Activity
In your copy, include every line of the listing below exactly but none of the pictures.

The data
—————
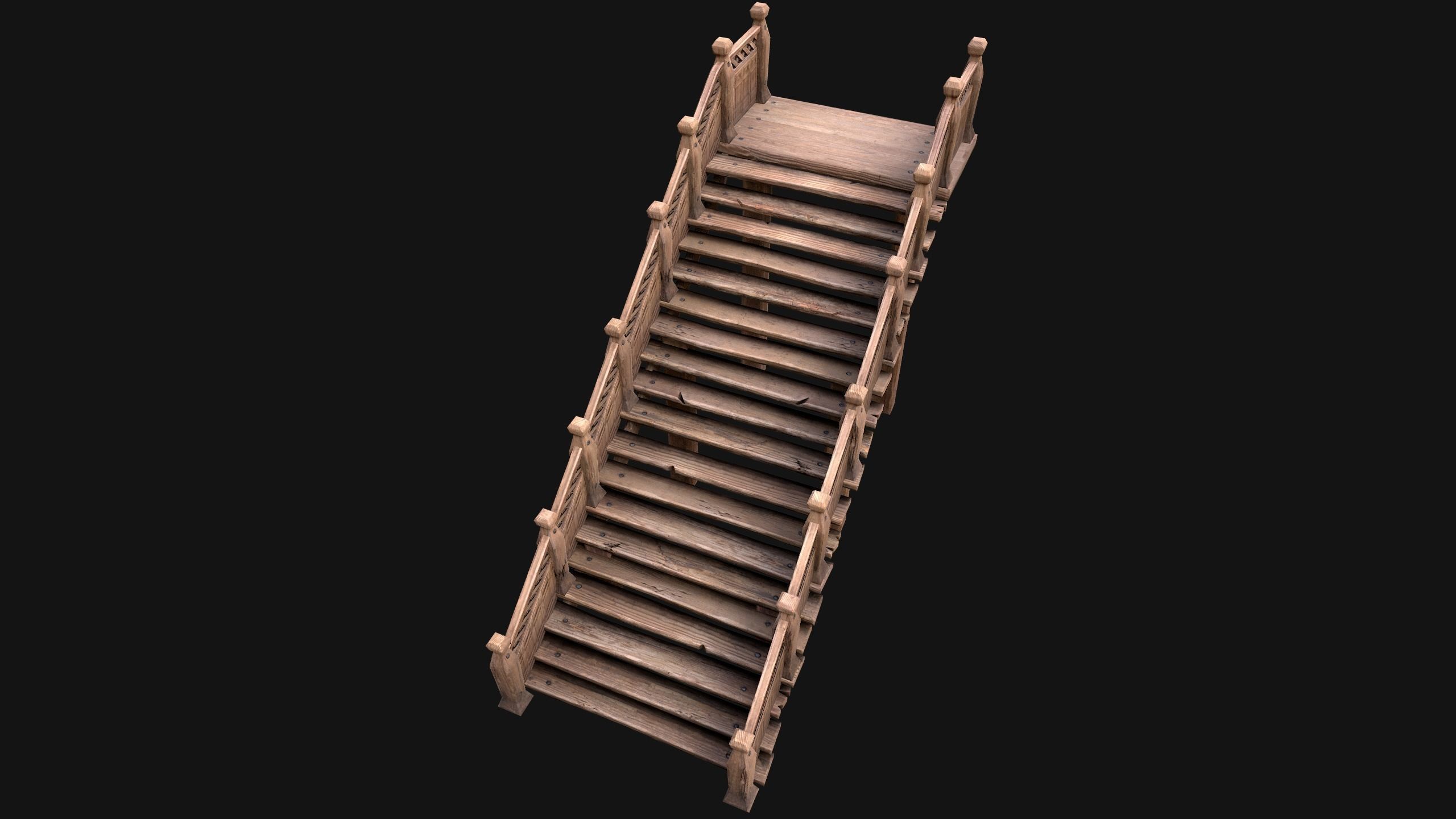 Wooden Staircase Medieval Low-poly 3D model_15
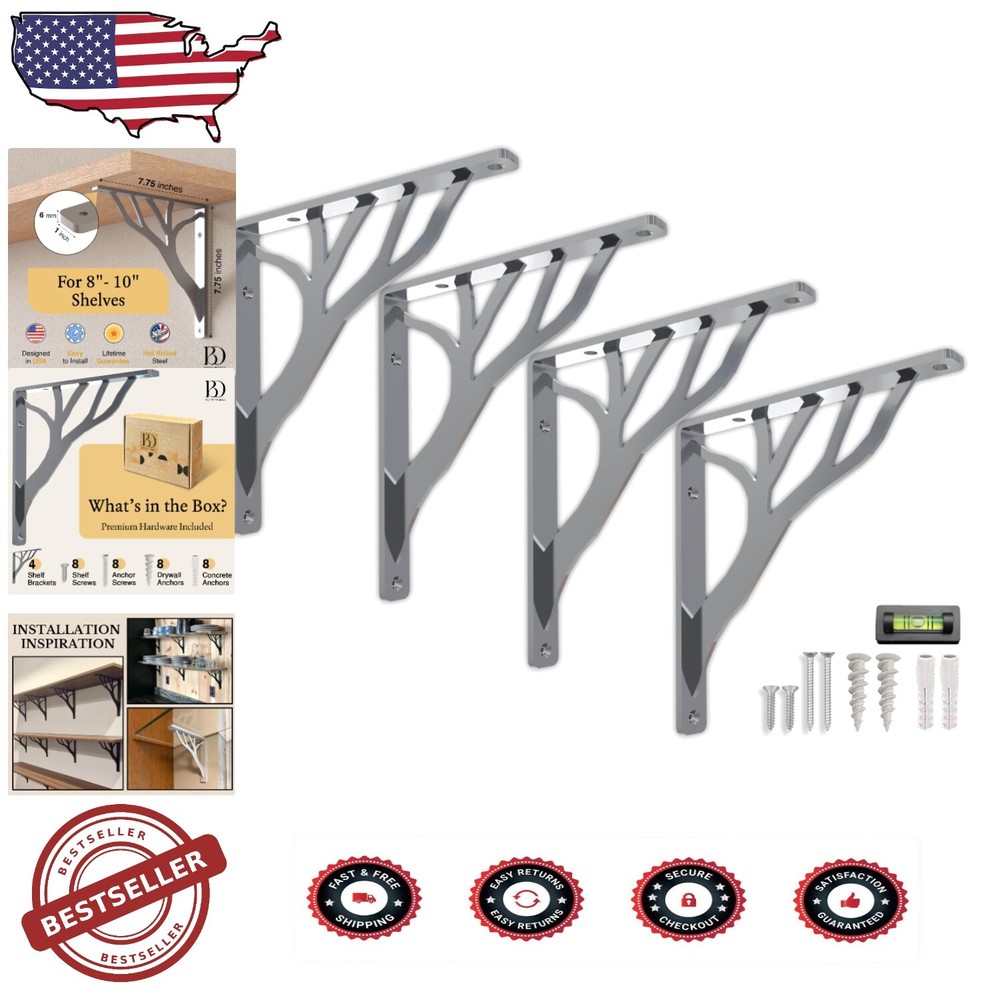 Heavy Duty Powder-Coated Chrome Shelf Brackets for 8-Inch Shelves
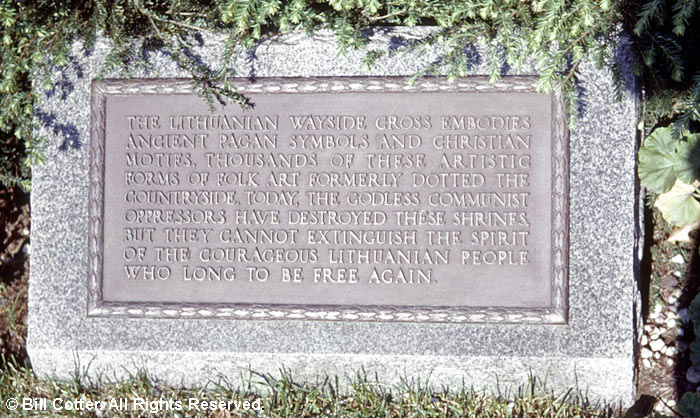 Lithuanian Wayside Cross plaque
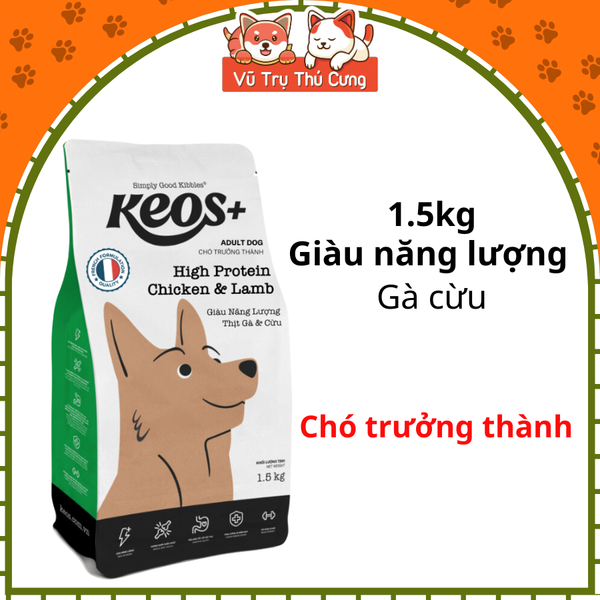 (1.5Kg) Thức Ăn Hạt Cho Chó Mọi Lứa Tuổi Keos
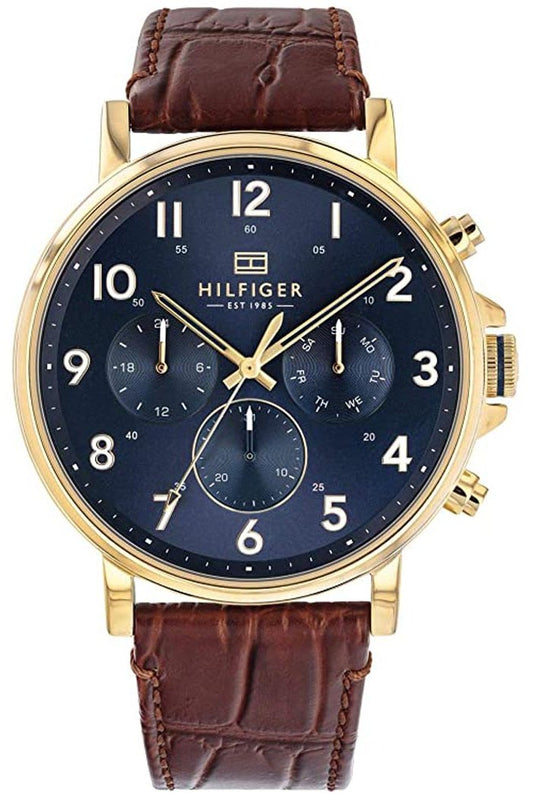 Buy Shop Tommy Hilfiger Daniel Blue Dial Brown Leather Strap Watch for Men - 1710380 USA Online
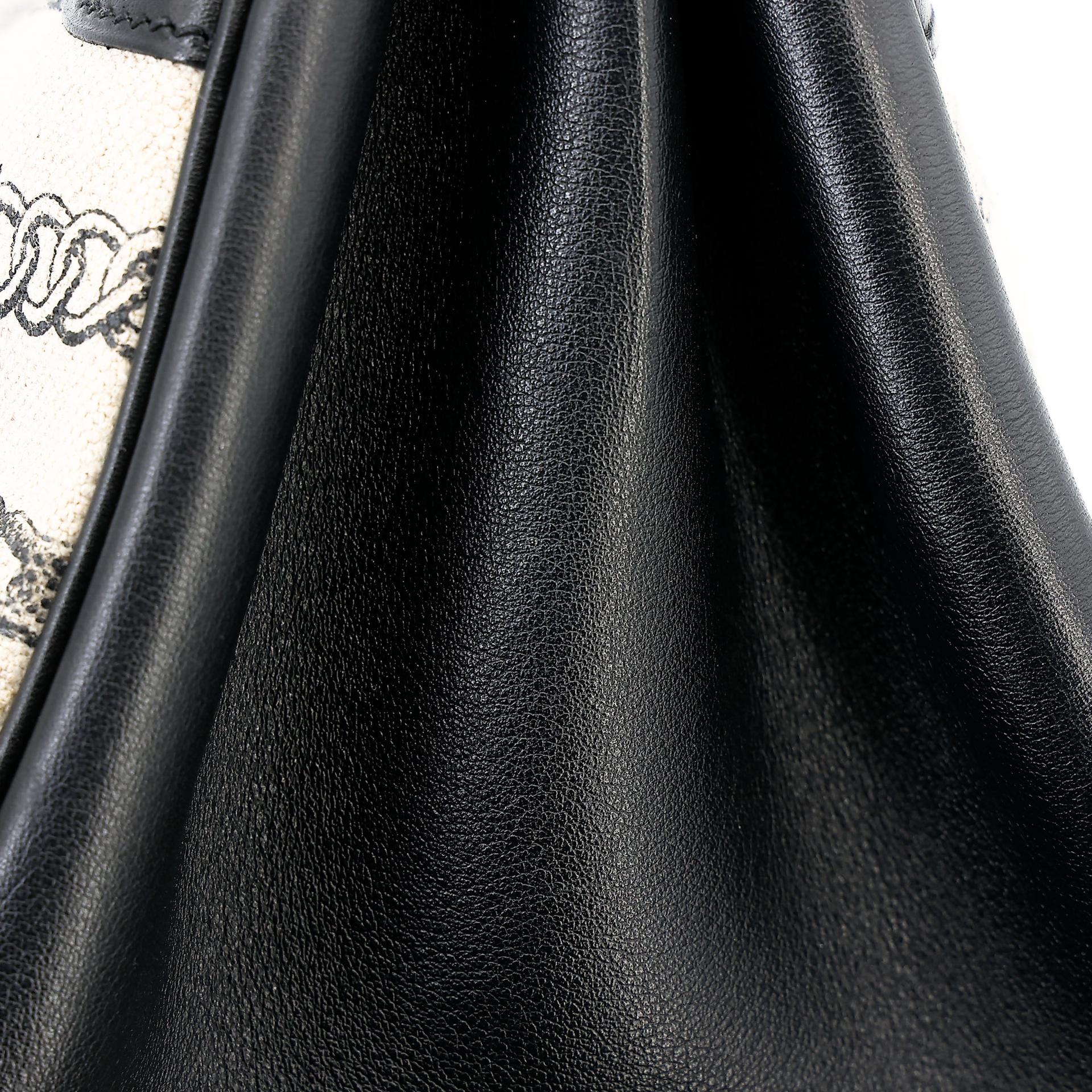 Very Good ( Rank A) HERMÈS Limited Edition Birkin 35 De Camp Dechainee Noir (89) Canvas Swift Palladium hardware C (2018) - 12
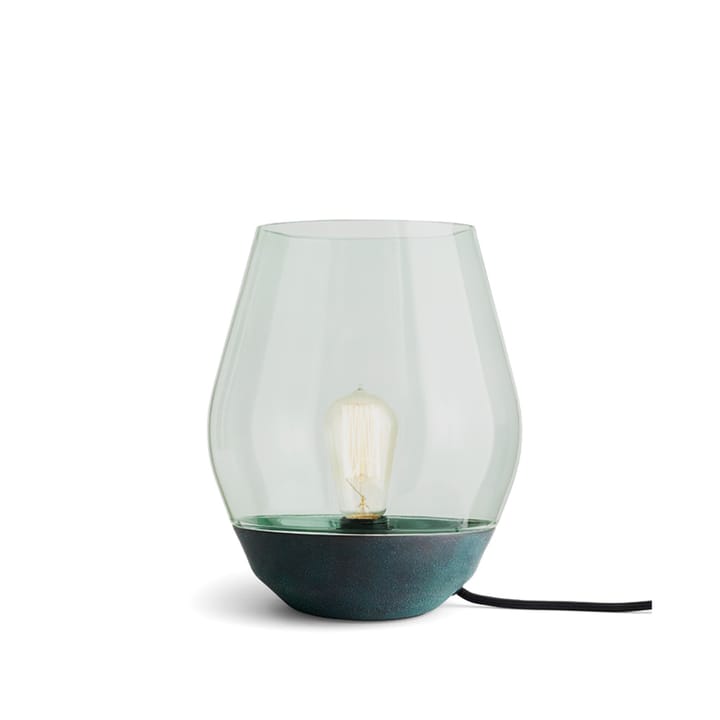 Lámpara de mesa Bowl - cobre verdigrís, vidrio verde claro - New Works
—————
Result for this task
 Wooden Staircase Medieval Low-poly 3D model_15
 Heavy Duty Powder-Coated Chrome Shelf Brackets for 8-Inch Shelves
 Lithuanian Wayside Cross plaque
 (1.5Kg) Thức Ăn Hạt Cho Chó Mọi Lứa Tuổi Keos
 Buy Shop Tommy Hilfiger Daniel Blue Dial Brown Leather Strap Watch for Men - 1710380 USA Online
 Very Good ( Rank A) HERMÈS Limited Edition Birkin 35 De Camp Dechainee Noir (89) Canvas Swift Palladium hardware C (2018) - 12
 Lámpara de mesa Bowl - cobre verdigrís, vidrio verde claro - New Works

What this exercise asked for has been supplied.